Searchable encryption (SE) has been extensively investigated since it was introduced by Song et al. (2000). As an importance area of SE, searchable public key encryption (SPE) has been receiving a lot of attention (Boneh et al. 2004; Abdalla et al. 2005; Li et al. 2015a; Tomida et al. 2015; Wang et al. 2016) in recent years.

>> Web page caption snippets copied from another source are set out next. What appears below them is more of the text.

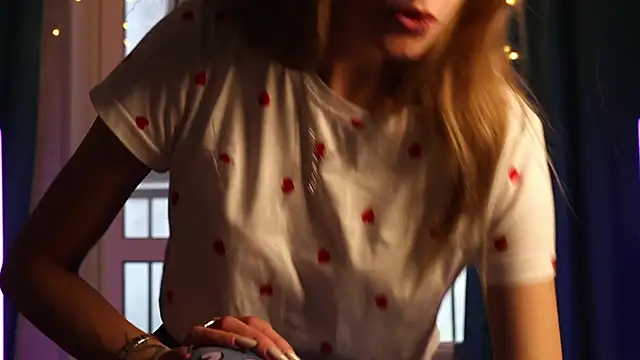 norakisses online show from 12.27.24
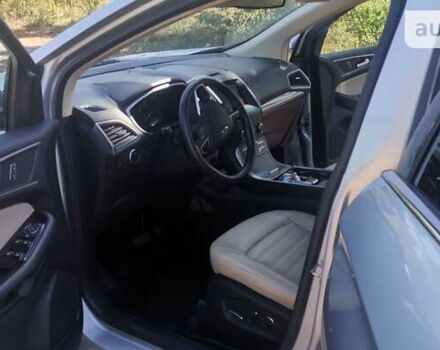 Серый Форд Эдж, объемом двигателя 2 л и пробегом 113 тыс. км за 20100 $, фото 39 на Automoto.ua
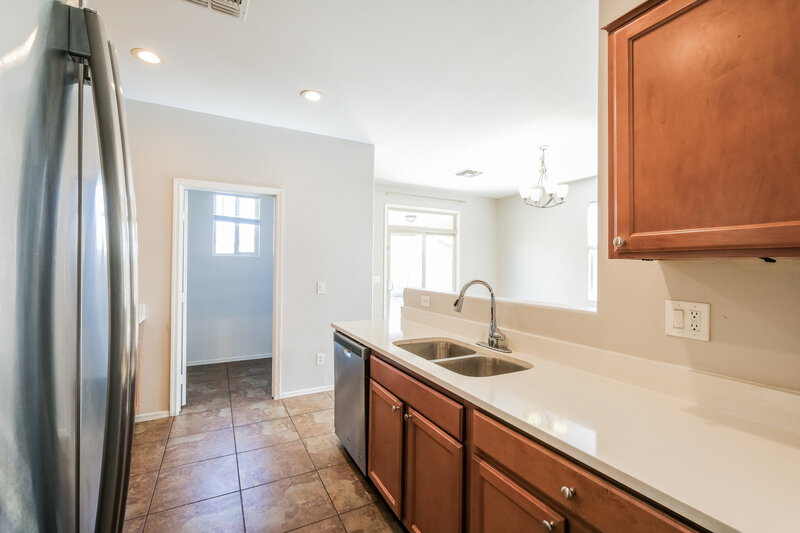 2,615/Mo, 7342 W St Charles Ave Laveen, AZ 85339 Kitchen View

Framework From a cryptographic framework perspective, Boneh et al. (2004) first presented the framework of SPE, namely public key encryption with keyword search (PEKS), which is based on the public key infrastructure (PKI). Following this work, Abdalla et al. (2005) proposed a general method which can transform an anonymous identity-based encryption (Li et al. 2015c) to PEKS. They defined the notion of consistency in PEKS. Next, some IBEKS schemes (Tomida et al. 2015; Wang et al. 2016) have been proposed to avoid certificate management in traditional PKI. Recently, several attribute-based keyword search (ABKS) schemes(Xhafa et al. 2014; Miao et al. 2017; Sun et al. 2016; Li et al. 2017b) based on attribute-based encryption (Li et al. 2018, 2014b) have been proposed. These previous schemes not only support the multi-owner and multiuser scenario, but they also support fine-grained search authorization policy (Ye et al. 2017). In addition, Ma et al. (2017) proposed a new framework to avoid the key escrow problem which is based on the certificateless public key cryptography (CLPKC).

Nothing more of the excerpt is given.